Tradisi Diskusi Ala Santri

Bahtsu Masail, Kitab Klasik Sebagai Rujukan


MEMBACA NASKAH ARAB – Pemandu diskusi ala santri atau biasa disebut bahtsu masail, sedang membacakan teks naskah Arab Gundul yang akan dibahas secara bersama-sama, di sebuah masjid di Pesantren Al-Husna, Kecamatan Pontianak Utara. Kegiatan tersebut guna membahasa materi Muktamar NU ke-33, di Jombang, Agustus mendatang. UMAR FARUQ

Seorang pria berkopiah dan bersarung duduk bersimpuh di depan beberapa orang lainnya, untuk membacakan lembar demi lembar naskah yang bertuliskan Arab gundul, pagi itu di sebuah masjid di area pesantren Al-Husna, Jalan Parit Nanas, Kecamatan Pontianak Utara, Kota Pontianak, Minggu (26/7).
Gaya berpakaian yang khas dan melihat cara membacanya, pria tersebut bisa dipastikan pernah nyantri lantaran membaca tulisan Arab tanpa harakat (tanda baca), sangat lancar keluar dari lisannya.
Adalah Nuralam, Ketua Tanfidz Pengurus Cabang Nahdlatul Ulama (PCNU) Kota Pontianak, yang sedang membacakan tulisan Arab tanpa harakat, di sebuah acara yang disebut bahtsu masail.
“Tidak semua orang bisa membaca tulisan Arab, apalagi tanpa harakat. Tentu sulit bagi mereka yang belum pernah belajar. Tapi bagi santri terutama di pesantren salafi, hal itu bukanlah sesuatu yang sulit. Karena para santri diajarkan ilmu alat yaitu nahwu dan sharraf, guna membantu dalam belajar membaca tulisan Arab gundul,”ujar Nuralam.
Kegiatan yang identik dengan diskusi atau musyawarah ini, diselenggarakan oleh Lakpesdam (Lembaga Kajian dan Pengembangan Sumber Daya Manusia) NU Kota Pontianak, guna membahas materi Muktamar NU ke-33, di Jombang, Jawa Timur, Agustus Mendatang.
Menurut Nuralam, yang membedakan diskusi pada umunya dengan bahtsu masail yakni dalam menggunakan rujukan dan kondisi yang berlangsung dalam forum tersebut.
“Kalau kita melihat, tidak jarang diskusi sering terjadi debat kusir.

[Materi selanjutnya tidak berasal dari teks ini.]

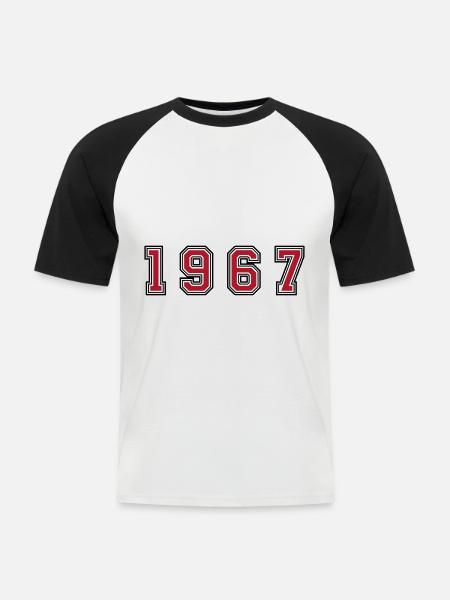 1967 year number - Men's Baseball T-Shirt - white/black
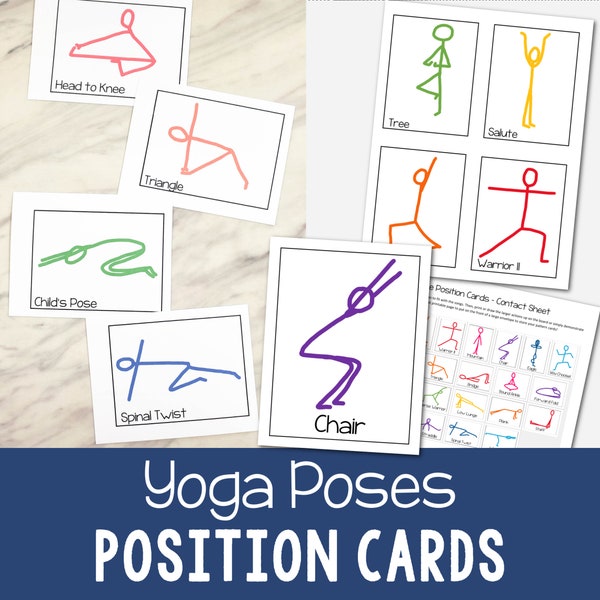 Yoga Poses Position Cards Printable Movement 24 Pose Cards for Preschool Homeschool LDS Primary Singing Time and Exercise Kids Activities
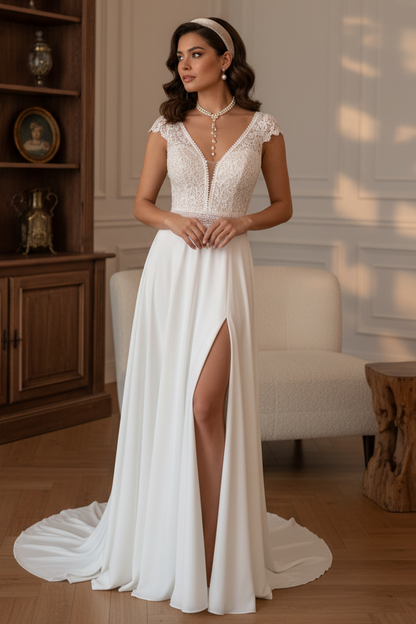 Boho lace Classic Simple Sleeveless V Neckline A-line Chiffon Wedding Dress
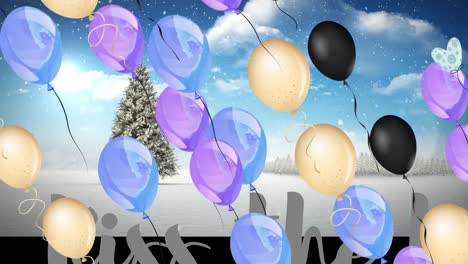 animación de árbol de navidad y globos sobre un paisaje de invierno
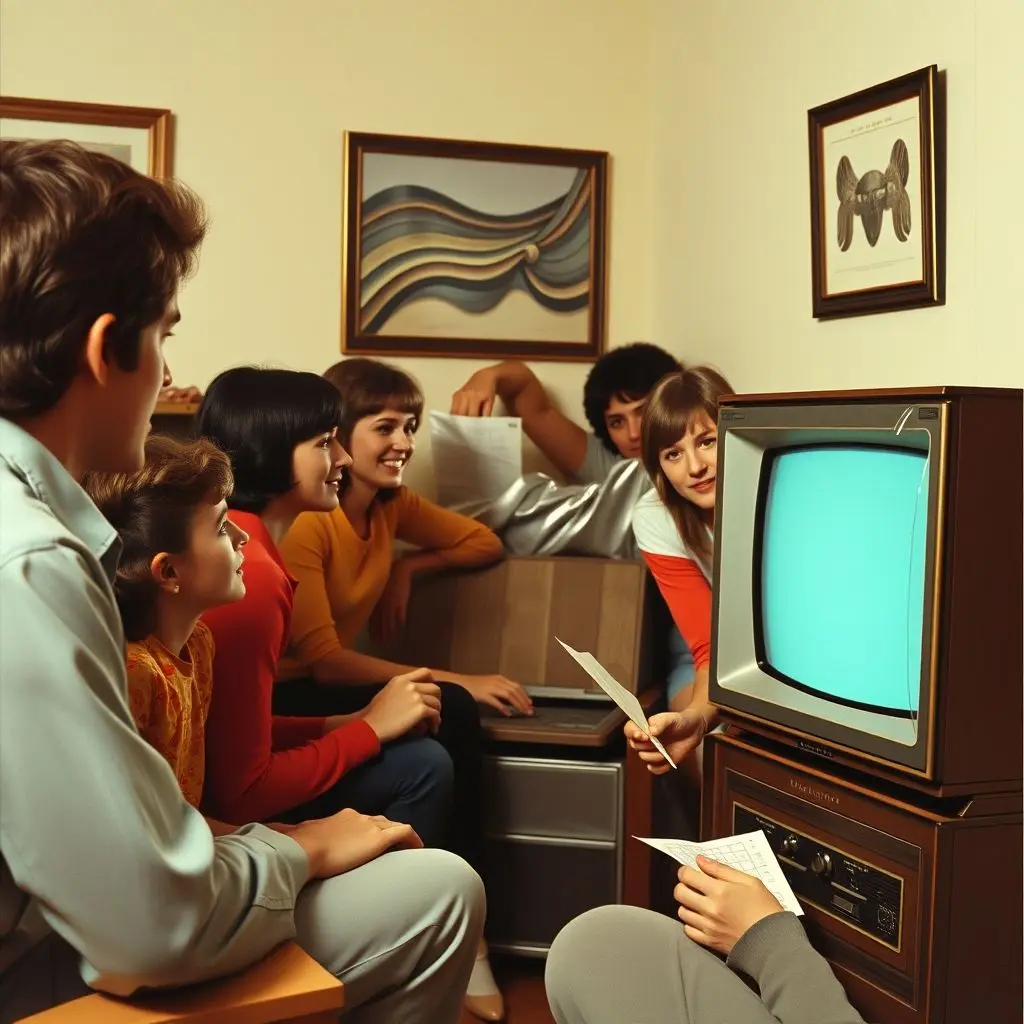 Players using an overlay and manual scorekeeping with the Magnavox Odyssey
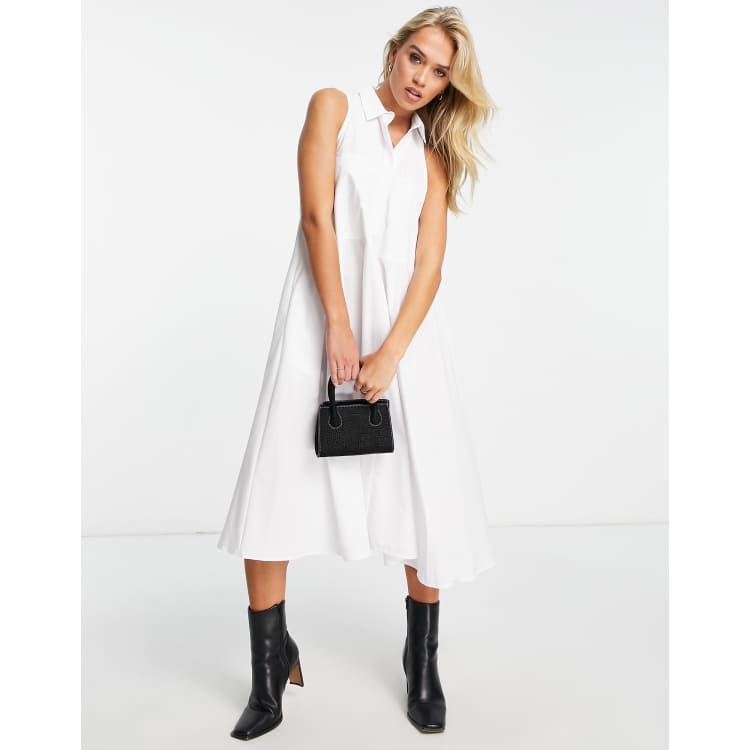 White shirt cheap dress with pockets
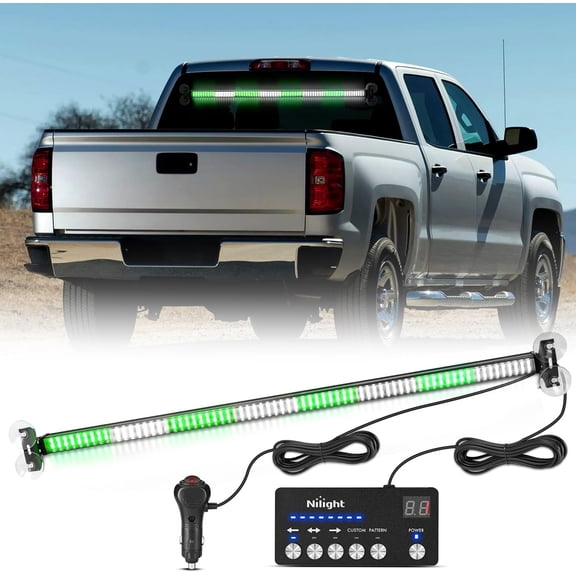 Nilight 144LED Vehicle Safety Light Bar with Controller, Green White Warning Lights for Off-Road & Work Vehicles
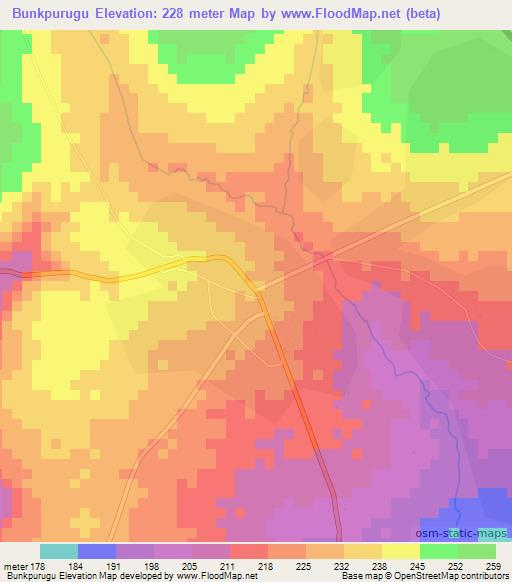 Bunkpurugu,Ghana Elevation Map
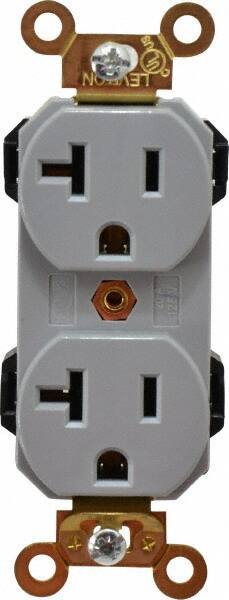 Leviton - 125 VAC, 20 Amp, 5-20R NEMA Configuration, Gray, Industrial Grade, Self Grounding Duplex Receptacle - 1 Phase, 2 Poles, 3 Wire, Flush Mount, Impact and Tamper Resistant - Best Tool & Supply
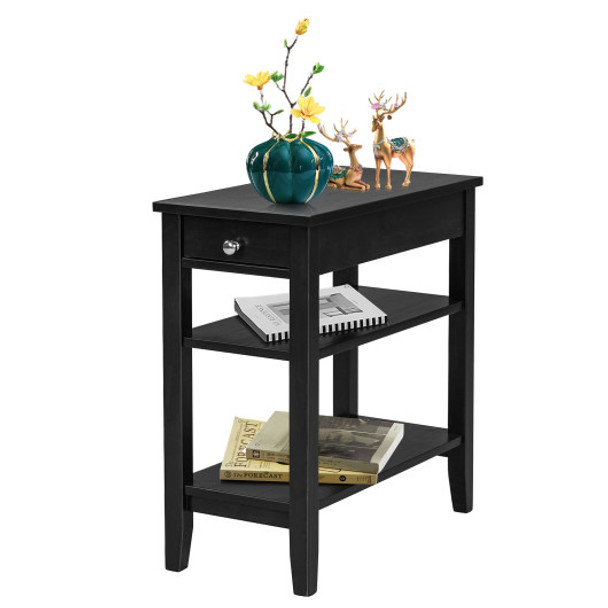 3-Tier Side End Table with Drawer Double Shelf-Black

Tapi kalau di bahtsu masail, itu jarang terjadi. Santri punya etika dalam diskusi, tidak akan terjadi perdebatan karena rujukaannya sama, yaitu kitab-kitab klasik karangan ulama Ahlussunnah wal jamaah,” terangnya.
Bahtsu masail menurut Nuralam, suatu kegiatan yang kerap dilakukan oleh orang-orang pesantren dengan eksistensi yaitu memecahkan sebuah masalah baik itu yang sudah terungkap dalam kitab salaf atau masalah-masalah kekinian yang belum terdeteksi hukumnya.
“Bahtsu Masail adalah sejenis musyawarah atau diskusi dalam tataran yang lebih tinggi dan kompleks karena melibatkan banyak delegasi dari berbagai kalangan. Kegiatan ini sangat akrab di kalangan NU,” terangnya.
Ketua Lakpesdam NU Kota Pontianak Hasan Basri menuturkan, kegiatan bahtsu masail ini bertujuan meningkatkan kualitas daya pemikian santri dan menghidupkan lagi jejak ulama salaf dalam menyikapi setiap permasalahan yang muncul di masyarakat.
“Selain itu, merumuskan pemecahan masail waqi'iyah (masalah-masalah aktual) sesuai dengan tuntunan syara,” ujarnya.
Ditambahkannya, dalam tradisi NU secara kelembagaan ada tiga macam model sistem bahtsu masail.
Pertama, model pesantren yang lebih menonjolkan semangat itiradl, yaitu perdebatan argumentatif dengan berlandaskan al-kutub al-mu’tabaroh (kitab-kitab yang perlu dijadikan itibar atau contoh).
“Dalam hal ini peserta bebas berpendapat, menyanggah pendapat peserta lain dan juga diberikan kebebasan mengoreksi rumusan-rumusan yang ditawarkan tim perumus,” jelasnya.
Kedua, lanjut Hasan, model ‘NU’. Dalam hal ini lebih menonjolkan porsi itiradl, yaitu penampungan aspirasi jawaban sebanyak mungkin.
“Yang ketiga model Kontemporer, yaitu bahtsul masail yang dimodifikasi mirip model simposium. Di mana sebagaian peserta yang dianggap mampu, diminta menuangkan rumusan jawaban berikut sumber pengambilan keputusan, dalam bentuk makalah,” terangnya.
Hasan berharap, ke depan masyarakat dalam berdiskusi hendaknya mengikuti metode yang diterapkan kaum santri, yakni bahtsu masail. Di mana, memberikan pendapat mesti dilandasi rujukan dan di dalam perbedaan tidak harus saling merasa paling benar.
“Bagi santri, berdiskusi itu punya etika dan aturan. Lebih utamanya, berinteraksi untuk saling memberikan pemahaman dengan cara yang baik. Tidak kemudian adu argumen akhirnya debat kusir. Santri punya referensi yakni kitab-kitab klasik, dan dari sanalah pijakan untuk mengeluarkan pendapat. Semoga kita bisa belajar caranya berdiskusi ala santri, yakni bahtsu masail,” pungkasnya. (umar faruq)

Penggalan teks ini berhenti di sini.